La décision de notre commission des affaires économiques rétablit la situation du domaine de Chambord rappelée par le Conseil d’État dans son avis en assemblée générale du 19 juillet 2012 selon lequel « le domaine national de Chambord appartient dans sa globalité au domaine public de l’État, sous la seule réserve de la forêt qui relève du domaine privé par détermination de la loi ».
Je me réjouis de la position du Gouvernement qui ne remet pas en cause la domanialité, ce qui permettra une juste et rapide indemnisation des commerçants qui ne peuvent plus bénéficier d’un bail commercial, dès lors que seules des autorisations temporaires d’occupation du domaine public sont dorénavant envisageables.
Pour clarifier la situation unique de Chambord, une autre question demeure néanmoins en suspens, celle des relations entre l’EPIC du domaine de Chambord et la commune. L’amendement sénatorial n’apportait aucune solution sur ce point, qu’il ne traitait pas. Nous souhaitons tous aboutir à une conciliation entre deux compétences placées dans des conditions uniques en France, celle de l’État qui, par le biais de l’établissement public du domaine national de Chambord, gère un domaine qui est à lui seul une commune, et celle de la commune, qui est la seule de France dont tout le territoire appartienne à l’État.

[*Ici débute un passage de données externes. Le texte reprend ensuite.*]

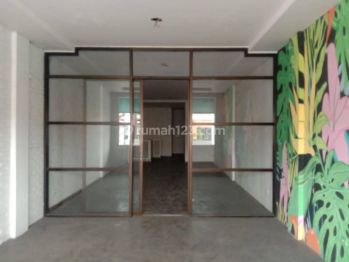 Ruko bagus di Kemang raya jakarta selatan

Cette situation exceptionnelle pose problème en cas d’exercice de la plénitude des compétences des deux parties, qui entrent alors en conflit. Dans toutes les communes, le conseil municipal et le maire définissent le projet territorial et ont en propre certains moyens de le mettre en oeuvre. À Chambord, c’est l’État seul qui définit le projet territorial et qui détient tous les moyens matériels. On ne soumet le projet d’établissement de Chambord ni au conseil municipal de Chambord ni au conseil de la communauté de communes. Le maire et le président de la communauté de communes peuvent cependant prendre position comme membres du conseil d’administration de l’EPIC lors de l’adoption du projet d’établissement. Il est donc bien clair qu’il ne peut exister à Chambord de projet distinct de celui du domaine national, et que tout ce qui se trouve à Chambord doit y concourir. Par conséquent, l’autorité élue au suffrage universel ne peut de facto exercer une compétence générale mais seulement une compétence résiduelle.
On doit donc constater que la commune n’est pas et ne peut pas être une commune de plein exercice face aux légitimes exigences de l’État gestionnaire du domaine national. Face à cette situation, trois solutions sont possibles. La plus mauvaise serait de ne rien faire et de pérenniser une situation conflictuelle préjudiciable à ce monument du patrimoine mondial. Une autre mauvaise solution serait de remettre en cause la loi applicable aux 36 000 communes de France pour régler la situation unique de Chambord. La solution qui me semble la plus logique et la plus courageuse consiste à modifier les limites communales en réalisant la fusion de Chambord avec l’une des communes voisines, par exemple Saint-Dyé-sur-Loire, qui est le port de Chambord sur la Loire depuis la construction du château. Je propose aussi d’adjoindre à l’EPIC un conseil consultatif des habitants de Chambord.
La question est de déterminer ce qui est le plus important pour la France, chers collègues : que l’État, dans le cadre du domaine national, exerce pleinement ses responsabilités sur l’un des joyaux du patrimoine mondial de l’UNESCO ou que la commune exerce pleinement ses fonctions comme les 36 000 autres communes de France ? Trouver une solution durable implique selon moi le respect d’une hiérarchie. L’intérêt de la France dépend du plein exercice des moyens de l’État pour protéger et mettre en valeur le plus beau chef-d’oeuvre français de la Renaissance. L’intérêt des citoyens de Chambord est de vivre dans une commune de plein exercice, qui pourrait très bien résulter d’une fusion de Chambord avec l’une des communes voisines. La lucidité et le courage commandent de normaliser les relations entre le domaine et la commune en redéfinissant le territoire communal de Chambord. Je souhaite que le débat au Parlement facilite le retour à une harmonie digne de la beauté universellement reconnue de Chambord.